6.1. Impact of Policy Changes on Urban Network Structure
The transition from the competitive protection phase to the systematic regulatory phase marked a shift from a concentrated, core-city-dependent network structure to a more decentralized, multi-centered configuration. During the competitive protection phase, protectionist policies and rapid market expansion led to a “radial” network centered around core cities such as Beijing and Shanghai. These cities became primary hubs for intercity connections, creating a network that was expansive, yet centralized. This reliance on core cities resulted in uneven spatial development, with peripheral cities playing minimal roles in the broader network. In contrast, the systematic regulatory phase introduced stricter regulations and standardized policies by the National Press and Publication Administration, fostering a more balanced urban network. This phase saw a reduction in the dominance of core cities and an increase in participation from a wider range of cities across China, with cities such as Chengdu emerging as significant nodes. This evolution underscores the effectiveness of systematic policy interventions in promoting regional development and reducing the reliance on a few dominant urban centers.

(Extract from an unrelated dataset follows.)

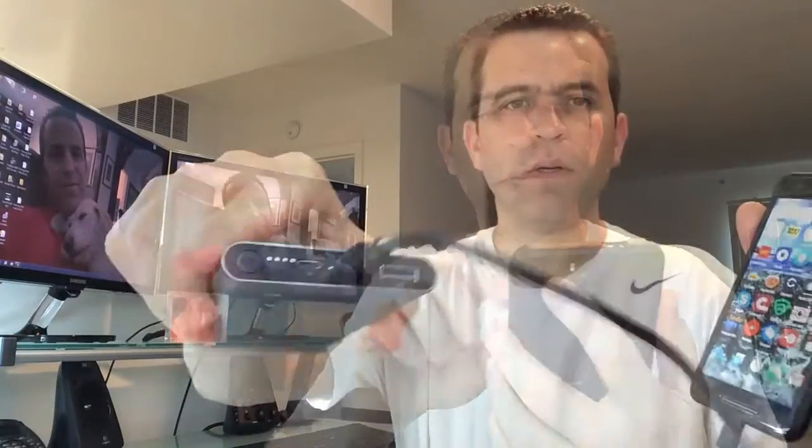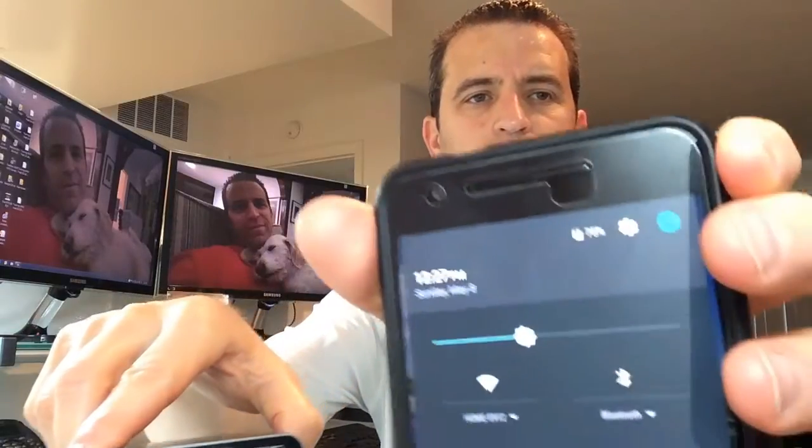My Google Nexus 6P phone uses a Type-C connector, so I'm going to go ahead and plug it into the Type-C port on the battery pack, and now plug it into my phone. There you go — it is charging. You can see it's at 75% and charging.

6.2. The Role of Digital Production in Urban Networks
This study constructed the urban network using data from industry digital production projects, reflecting the characteristics of digital production in the digital economy. This approach better aligns with the practical organization of urban networks through micro-level enterprise activities compared to traditional gravity and headquarter-branch models. The results demonstrate that digital production significantly enhances connections between remote and central regions. For example, digital economy industries in areas such as Xinjiang, Hainan, and Northeast China leverage local tax and policy advantages to establish industrial bases while integrating into the national organizational network through information technology and Internet communication, thus overcoming geographical barriers to communication efficiency. Notably, the geographical distance matrix’s role shifted from a significantly negative coefficient in the competitive protection phase to a positive coefficient in the systematic regulatory phase, providing empirical support for the role of digital production in facilitating long-distance urban information transmission.

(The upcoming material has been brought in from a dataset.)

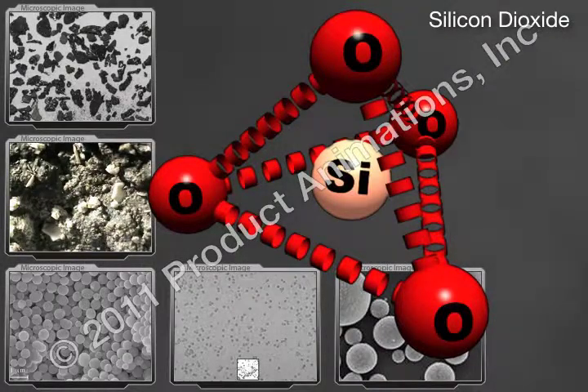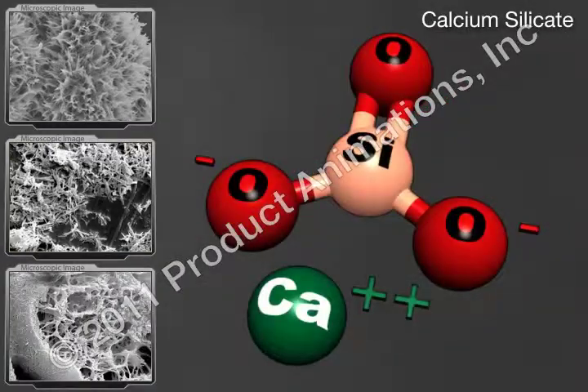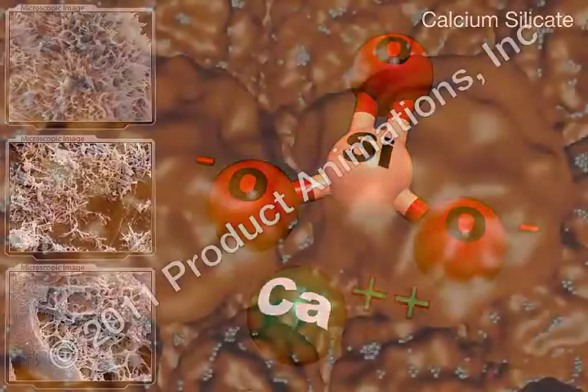Glidants, such as silicon dioxide and calcium silicate, act like tiny ball bearings on the surface of the particles, reducing inter-particle friction and assisting flow of the formulation during manufacturing.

This study offers a comprehensive perspective on the digital economy and urban networks. However, it identifies two critical issues: despite rapid information flow and policy incentives that facilitate the integration of border areas into the urban network, the network’s spatial layout remains incomplete. Many central inland cities have not achieved a high network status and should leverage their resources to strategically develop digital economy industries with robust local policy support. Additionally, although the density and structural stability of the urban network improved in the systematic regulatory phase, the transmission effect remains significantly negative. This suggests many open triangular structures within the network, indicating a need for enhanced stability. Regional central cities, particularly those excelling in “local buzz” and “regional interaction”, must fully utilize their leadership roles to promote connections with surrounding regional cities and gradually extend these connections to the national network.